Bei einer kostenlosen Abgabe von Lebensmitteln durch Bäckereien an die Tafeln kurz vor Ablauf des Mindesthaltbarkeitsdatums oder der Verkaufsfähigkeit als Frischware, die aus mildtätigen Zwecken erfolgt, wird von einer Umsatzbesteuerung abgesehen. Die Belastung der Lebensmittelspende mit Umsatzsteuer stellt eine unbillige Härte dar, da eine Vernichtung der Lebensmittel keine Umsatzbesteuerung zur Folge hätte. Einzige Voraussetzung für die Inanspruchnahme dieser Regelung ist, dass eine Zuwendungsbestätigung für Spendenzwecke - wie auch bei einer Vernichtung der Lebensmittel - nicht ausgestellt wird.

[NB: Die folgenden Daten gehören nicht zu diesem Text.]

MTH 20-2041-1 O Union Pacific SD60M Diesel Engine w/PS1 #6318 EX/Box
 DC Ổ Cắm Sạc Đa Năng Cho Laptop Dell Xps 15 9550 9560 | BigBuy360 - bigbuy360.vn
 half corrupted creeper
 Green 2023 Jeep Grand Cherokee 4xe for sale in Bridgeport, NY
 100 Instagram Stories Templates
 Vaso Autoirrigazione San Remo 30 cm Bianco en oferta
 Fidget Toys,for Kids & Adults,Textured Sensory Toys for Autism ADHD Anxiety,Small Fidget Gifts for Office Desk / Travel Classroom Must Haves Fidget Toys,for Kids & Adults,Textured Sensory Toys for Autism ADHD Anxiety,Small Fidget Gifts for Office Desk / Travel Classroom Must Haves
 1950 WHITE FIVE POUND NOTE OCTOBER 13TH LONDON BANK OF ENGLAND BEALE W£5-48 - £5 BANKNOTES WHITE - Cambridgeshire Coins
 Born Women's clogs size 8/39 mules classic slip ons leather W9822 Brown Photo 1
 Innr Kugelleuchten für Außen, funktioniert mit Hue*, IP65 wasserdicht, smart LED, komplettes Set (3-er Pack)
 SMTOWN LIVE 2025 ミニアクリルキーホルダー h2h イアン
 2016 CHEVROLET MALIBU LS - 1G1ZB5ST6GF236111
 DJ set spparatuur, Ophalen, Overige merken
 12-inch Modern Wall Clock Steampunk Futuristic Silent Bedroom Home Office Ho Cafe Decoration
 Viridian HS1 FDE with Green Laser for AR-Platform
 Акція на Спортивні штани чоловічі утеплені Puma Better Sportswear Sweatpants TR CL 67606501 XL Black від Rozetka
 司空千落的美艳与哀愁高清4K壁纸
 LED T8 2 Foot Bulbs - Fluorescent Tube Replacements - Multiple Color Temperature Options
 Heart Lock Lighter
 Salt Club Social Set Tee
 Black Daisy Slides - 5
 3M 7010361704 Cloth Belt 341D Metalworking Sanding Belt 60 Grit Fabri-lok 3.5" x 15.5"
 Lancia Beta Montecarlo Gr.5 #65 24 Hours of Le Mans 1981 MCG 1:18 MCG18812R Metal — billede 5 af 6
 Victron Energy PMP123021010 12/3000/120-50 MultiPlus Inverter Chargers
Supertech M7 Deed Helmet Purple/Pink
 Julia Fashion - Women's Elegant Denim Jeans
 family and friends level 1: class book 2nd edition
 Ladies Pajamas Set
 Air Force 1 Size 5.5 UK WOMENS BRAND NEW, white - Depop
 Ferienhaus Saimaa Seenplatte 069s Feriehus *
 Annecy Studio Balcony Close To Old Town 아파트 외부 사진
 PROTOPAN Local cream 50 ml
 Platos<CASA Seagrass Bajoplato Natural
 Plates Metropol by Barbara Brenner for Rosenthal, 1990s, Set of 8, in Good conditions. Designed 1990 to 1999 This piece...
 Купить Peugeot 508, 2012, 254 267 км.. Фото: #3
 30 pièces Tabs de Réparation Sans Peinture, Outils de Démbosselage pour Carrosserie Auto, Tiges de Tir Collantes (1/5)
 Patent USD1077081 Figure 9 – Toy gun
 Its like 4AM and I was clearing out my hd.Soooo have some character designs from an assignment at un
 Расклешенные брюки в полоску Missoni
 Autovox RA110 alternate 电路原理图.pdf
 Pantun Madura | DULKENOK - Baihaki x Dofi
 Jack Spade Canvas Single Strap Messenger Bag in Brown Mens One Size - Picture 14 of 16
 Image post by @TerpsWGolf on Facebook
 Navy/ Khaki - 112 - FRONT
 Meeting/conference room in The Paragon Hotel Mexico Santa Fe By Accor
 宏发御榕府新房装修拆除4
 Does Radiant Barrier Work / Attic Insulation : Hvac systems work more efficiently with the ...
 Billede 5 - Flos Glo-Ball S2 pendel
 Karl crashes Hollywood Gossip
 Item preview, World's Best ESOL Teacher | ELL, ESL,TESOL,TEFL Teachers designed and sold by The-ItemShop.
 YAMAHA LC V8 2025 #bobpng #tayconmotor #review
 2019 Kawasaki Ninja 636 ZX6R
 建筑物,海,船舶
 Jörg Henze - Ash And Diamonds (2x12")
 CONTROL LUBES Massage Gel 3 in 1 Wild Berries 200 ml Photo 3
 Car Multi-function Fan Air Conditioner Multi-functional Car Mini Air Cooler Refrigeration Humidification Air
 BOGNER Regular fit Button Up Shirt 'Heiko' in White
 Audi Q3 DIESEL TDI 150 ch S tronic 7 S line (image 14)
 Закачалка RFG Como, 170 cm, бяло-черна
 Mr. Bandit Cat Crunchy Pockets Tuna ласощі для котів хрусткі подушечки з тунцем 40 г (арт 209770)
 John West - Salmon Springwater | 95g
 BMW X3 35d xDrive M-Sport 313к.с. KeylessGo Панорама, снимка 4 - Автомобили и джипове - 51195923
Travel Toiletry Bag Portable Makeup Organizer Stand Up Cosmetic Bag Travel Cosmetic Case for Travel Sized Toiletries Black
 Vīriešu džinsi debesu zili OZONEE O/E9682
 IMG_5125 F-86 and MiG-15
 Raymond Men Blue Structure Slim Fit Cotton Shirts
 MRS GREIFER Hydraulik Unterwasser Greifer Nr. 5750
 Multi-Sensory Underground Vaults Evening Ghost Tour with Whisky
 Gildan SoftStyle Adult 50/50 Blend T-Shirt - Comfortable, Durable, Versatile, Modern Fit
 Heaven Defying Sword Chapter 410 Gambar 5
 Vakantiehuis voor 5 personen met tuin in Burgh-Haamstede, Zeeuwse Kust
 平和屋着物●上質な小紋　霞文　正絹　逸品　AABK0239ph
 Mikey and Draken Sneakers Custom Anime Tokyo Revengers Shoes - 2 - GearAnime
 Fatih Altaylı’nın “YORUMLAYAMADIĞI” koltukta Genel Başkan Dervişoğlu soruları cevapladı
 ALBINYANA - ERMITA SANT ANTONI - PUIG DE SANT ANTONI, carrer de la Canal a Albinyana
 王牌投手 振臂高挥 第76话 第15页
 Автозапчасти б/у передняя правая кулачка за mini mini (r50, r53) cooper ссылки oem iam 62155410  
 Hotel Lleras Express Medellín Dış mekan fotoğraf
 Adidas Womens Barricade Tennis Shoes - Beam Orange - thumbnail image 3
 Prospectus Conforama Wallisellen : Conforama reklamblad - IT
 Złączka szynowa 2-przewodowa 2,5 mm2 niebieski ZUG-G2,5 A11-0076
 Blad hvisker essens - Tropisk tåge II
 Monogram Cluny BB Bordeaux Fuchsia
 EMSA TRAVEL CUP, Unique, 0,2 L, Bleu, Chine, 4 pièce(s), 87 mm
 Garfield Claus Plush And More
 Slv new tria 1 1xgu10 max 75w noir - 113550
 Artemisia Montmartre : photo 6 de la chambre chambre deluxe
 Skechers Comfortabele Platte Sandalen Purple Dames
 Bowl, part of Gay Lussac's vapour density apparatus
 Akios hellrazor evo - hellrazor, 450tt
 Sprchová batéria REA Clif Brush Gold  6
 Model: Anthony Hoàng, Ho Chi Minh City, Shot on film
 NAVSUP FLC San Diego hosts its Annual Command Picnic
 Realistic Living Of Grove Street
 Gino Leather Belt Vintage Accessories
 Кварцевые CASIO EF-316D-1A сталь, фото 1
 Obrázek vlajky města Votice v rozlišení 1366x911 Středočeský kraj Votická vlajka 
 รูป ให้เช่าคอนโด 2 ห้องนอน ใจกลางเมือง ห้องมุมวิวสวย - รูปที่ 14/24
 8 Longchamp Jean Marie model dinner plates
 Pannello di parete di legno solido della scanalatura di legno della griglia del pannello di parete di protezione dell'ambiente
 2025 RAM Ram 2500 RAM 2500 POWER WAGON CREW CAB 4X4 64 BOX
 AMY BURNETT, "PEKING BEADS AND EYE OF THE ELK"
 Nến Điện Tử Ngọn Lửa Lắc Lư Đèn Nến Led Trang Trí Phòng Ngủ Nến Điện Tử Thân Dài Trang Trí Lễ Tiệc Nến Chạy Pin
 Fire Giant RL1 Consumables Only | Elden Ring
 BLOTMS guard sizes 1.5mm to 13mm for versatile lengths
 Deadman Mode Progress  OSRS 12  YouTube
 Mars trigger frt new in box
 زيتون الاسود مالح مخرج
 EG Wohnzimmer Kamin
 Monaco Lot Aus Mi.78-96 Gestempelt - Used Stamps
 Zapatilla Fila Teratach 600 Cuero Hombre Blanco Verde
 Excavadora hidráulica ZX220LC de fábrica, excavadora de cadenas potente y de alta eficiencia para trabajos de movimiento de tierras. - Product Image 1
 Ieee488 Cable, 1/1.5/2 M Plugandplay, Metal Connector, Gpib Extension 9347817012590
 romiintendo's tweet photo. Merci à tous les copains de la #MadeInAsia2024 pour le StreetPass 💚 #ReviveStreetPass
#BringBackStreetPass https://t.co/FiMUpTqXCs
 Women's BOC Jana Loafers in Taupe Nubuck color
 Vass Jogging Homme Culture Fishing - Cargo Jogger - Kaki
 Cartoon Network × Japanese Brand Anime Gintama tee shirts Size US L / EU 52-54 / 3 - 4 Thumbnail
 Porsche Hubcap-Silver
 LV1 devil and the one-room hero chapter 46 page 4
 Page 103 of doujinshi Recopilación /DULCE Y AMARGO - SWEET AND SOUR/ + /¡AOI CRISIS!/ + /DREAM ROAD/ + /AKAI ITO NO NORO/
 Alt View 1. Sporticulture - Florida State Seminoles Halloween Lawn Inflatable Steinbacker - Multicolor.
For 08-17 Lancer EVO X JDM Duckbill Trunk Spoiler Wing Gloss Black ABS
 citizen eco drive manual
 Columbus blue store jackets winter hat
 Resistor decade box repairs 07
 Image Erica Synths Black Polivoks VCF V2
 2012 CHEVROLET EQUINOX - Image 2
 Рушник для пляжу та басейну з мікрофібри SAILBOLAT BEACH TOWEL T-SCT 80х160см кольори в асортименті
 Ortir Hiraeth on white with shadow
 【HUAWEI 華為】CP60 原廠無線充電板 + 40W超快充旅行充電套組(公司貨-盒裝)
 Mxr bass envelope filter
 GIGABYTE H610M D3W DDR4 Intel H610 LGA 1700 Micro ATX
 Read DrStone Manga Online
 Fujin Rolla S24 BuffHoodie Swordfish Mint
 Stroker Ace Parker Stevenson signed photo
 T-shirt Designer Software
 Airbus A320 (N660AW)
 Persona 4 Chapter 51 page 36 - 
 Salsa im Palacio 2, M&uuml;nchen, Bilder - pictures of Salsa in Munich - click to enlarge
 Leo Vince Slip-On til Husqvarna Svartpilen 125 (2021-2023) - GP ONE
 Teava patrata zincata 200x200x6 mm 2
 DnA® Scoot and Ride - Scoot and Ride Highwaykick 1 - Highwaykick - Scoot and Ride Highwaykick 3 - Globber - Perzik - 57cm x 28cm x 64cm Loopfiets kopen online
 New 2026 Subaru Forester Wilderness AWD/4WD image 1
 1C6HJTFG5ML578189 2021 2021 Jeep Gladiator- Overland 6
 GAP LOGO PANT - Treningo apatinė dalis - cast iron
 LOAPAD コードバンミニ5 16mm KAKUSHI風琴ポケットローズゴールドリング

„Mit dem jetzt gefundenen Ergebnis sollte der Weg frei sein, weiterhin Gutes zu tun und Bedürftigen mit Nahrungsmitteln zu helfen. Aus diesem Grund hoffe ich auch weiterhin auf ein hohes Engagement bei der Unterstützung gemeinnütziger Organisationen im Freistaat Sachsen“, so Staatsminister Prof. Dr. Georg Unland.

Auch Roland Ermer, Präsident des Sächsischen Handwerkstages, begrüßt die Regelung: „Gut, dass im Umgang mit Lebensmittelspenden endlich einheitliche Maßstäbe Anwendung finden sollen, indem künftig jeder Spender frei wählen kann: Entweder wird bei der Umsatzbesteuerung regelmäßig der Betrag in der Spendenbescheinigung zugrunde gelegt oder es wird keine Spendenbescheinigung ausgestellt und es muss keine Umsatzsteuer bezahlt werden.“

Steuerliche Hintergrundinformation

Aus umsatzsteuerlicher Sicht ist die kostenlose Abgabe von Lebensmitteln grundsätzlich einem Verkauf zum Selbstkostenpreis gleichzustellen. In beiden Fällen bekommen die Bäcker die Umsatzsteuer, welche diese für ihren Einkauf von Mehl und Zucker, aber auch für Energie und Wärme zu begleichen haben, vom Finanzamt als so genannte Vorsteuer zurück erstattet. Im Gegenzug wäre jedoch bei der Abgabe der Lebensmittel an die Kunden der Bäcker bzw. die Tafeln Umsatzsteuer vom Finanzamt zu erheben.

Was zwingende Folge der Systematik der Umsatzsteuer ist, verlor im Hinblick auf die Vernichtung von Lebensmitteln seine Akzeptanz in der Öffentlichkeit. Viele Bäcker stellten daraufhin ihre Lebensmittelspenden an die Tafeln vorerst ein. Auch vor diesem Hintergrund bemühten sich Bund und Länder, um schnellstmöglich eine gemeinsame Regelung zu finden.